***** INFORMATION SHOWN *****

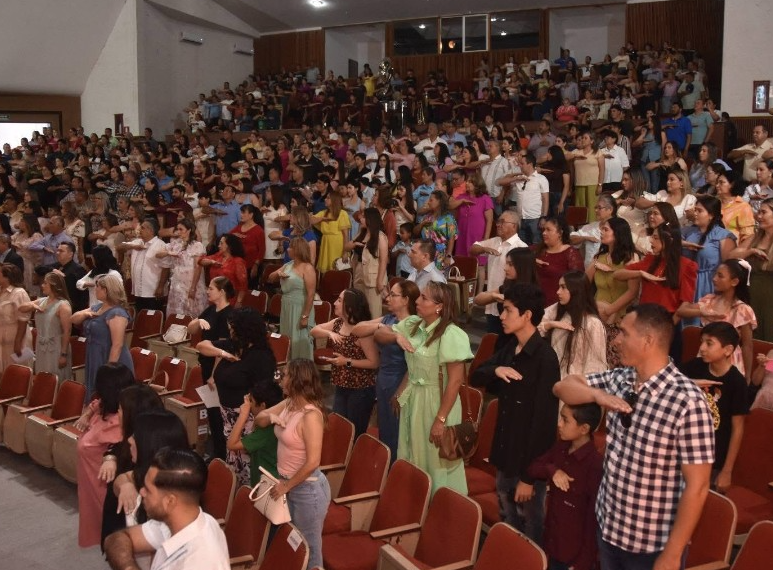 Reconocen a maestros por dos décadas formando generaciones en Navojoa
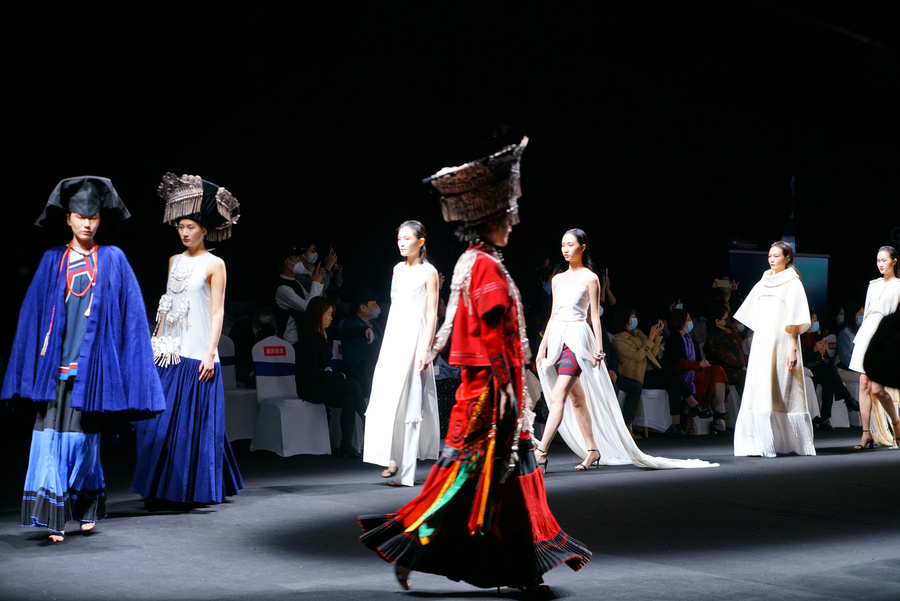  聚焦國潮經(jīng)濟(jì)崛起，非遺時(shí)尚再現(xiàn)嶺南天府文化精神 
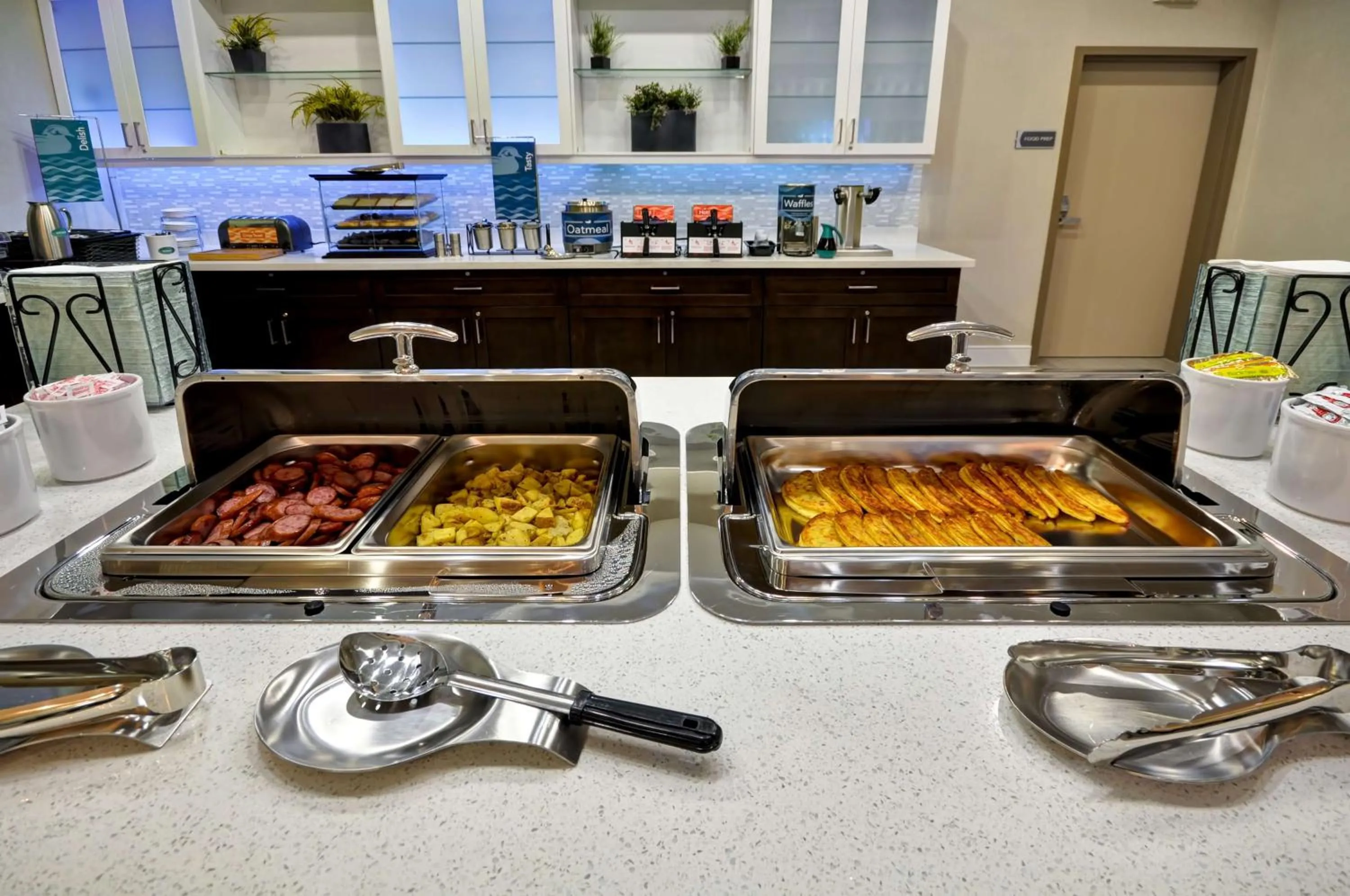 Dining area in Homewood Suites by Hilton New Braunfels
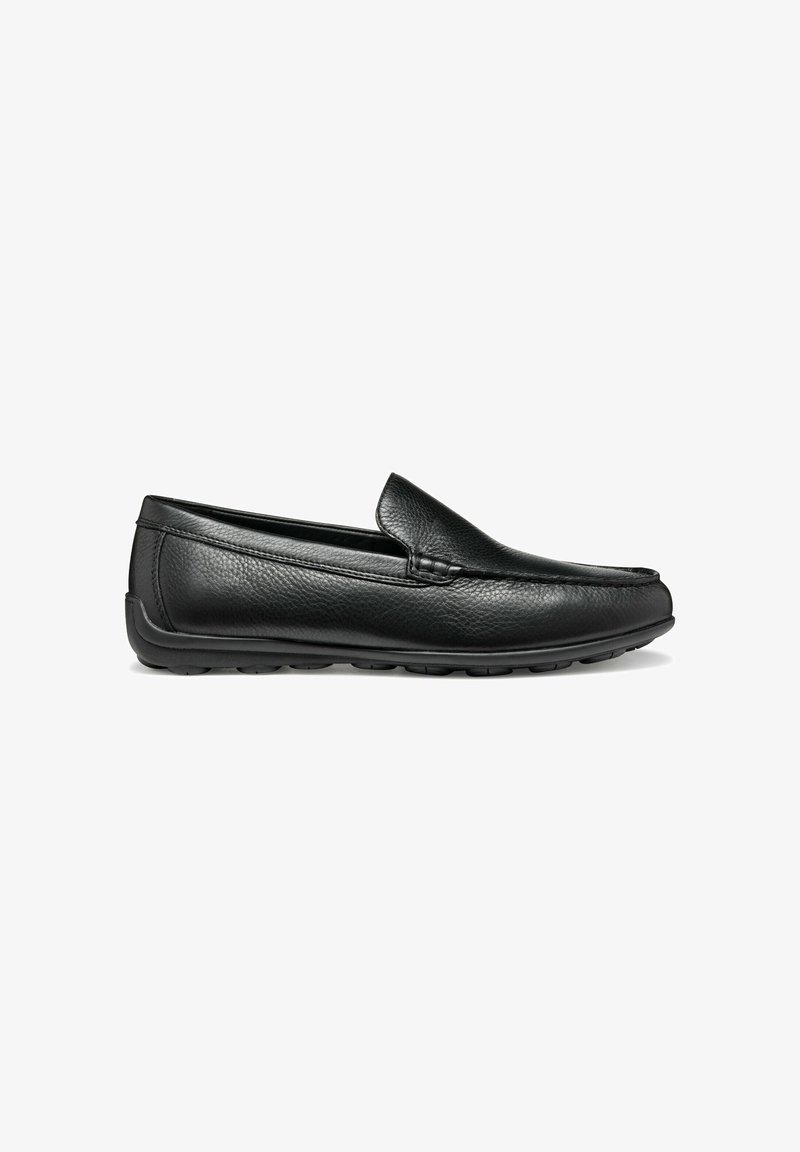 Mocasines de cuero negro con un acabado suave, diseño sin cordones y suela de goma con un patrón texturizado para mejorar el agarre.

*****

#### [WHAT IS REQUIRED]
Could you restate exactly the lines from the line containing "Dining area in" through the end of the listing, both ends included and nothing else, leaving the images out?

#### [ANSWER AREA]
 Dining area in Homewood Suites by Hilton New Braunfels
 Mocasines de cuero negro con un acabado suave, diseño sin cordones y suela de goma con un patrón texturizado para mejorar el agarre.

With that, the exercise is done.